• _HOW TO COMPLETE THIS TASK_
Your answer should be the lines below from the one with "spacious closet with" to the one with "bathroom featuring a", both included, given again exactly and with nothing added.

• _EXERCISE MATERIALS_
▼

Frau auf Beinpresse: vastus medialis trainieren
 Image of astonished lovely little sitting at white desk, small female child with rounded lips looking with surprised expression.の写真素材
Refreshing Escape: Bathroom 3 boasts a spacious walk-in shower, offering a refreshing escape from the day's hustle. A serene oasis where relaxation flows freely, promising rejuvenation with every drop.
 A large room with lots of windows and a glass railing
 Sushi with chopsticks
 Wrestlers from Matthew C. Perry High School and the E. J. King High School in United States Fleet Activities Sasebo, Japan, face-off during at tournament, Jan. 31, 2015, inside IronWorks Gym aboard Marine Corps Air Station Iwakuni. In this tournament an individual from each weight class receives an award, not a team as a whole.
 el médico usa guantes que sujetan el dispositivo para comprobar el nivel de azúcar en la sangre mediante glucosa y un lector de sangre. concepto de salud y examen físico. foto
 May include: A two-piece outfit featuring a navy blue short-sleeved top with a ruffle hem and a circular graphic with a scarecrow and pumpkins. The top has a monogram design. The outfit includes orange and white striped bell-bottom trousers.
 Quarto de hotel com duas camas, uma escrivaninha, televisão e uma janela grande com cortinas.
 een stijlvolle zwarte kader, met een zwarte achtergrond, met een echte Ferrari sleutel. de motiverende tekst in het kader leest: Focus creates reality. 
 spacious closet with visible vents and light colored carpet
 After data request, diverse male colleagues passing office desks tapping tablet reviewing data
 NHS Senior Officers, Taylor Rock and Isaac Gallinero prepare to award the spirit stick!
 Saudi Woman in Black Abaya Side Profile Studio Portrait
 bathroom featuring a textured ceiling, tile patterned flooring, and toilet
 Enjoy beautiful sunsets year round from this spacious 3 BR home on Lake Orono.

▲

• _ANSWER SECTION_
 spacious closet with visible vents and light colored carpet
 After data request, diverse male colleagues passing office desks tapping tablet reviewing data
 NHS Senior Officers, Taylor Rock and Isaac Gallinero prepare to award the spirit stick!
 Saudi Woman in Black Abaya Side Profile Studio Portrait
 bathroom featuring a textured ceiling, tile patterned flooring, and toilet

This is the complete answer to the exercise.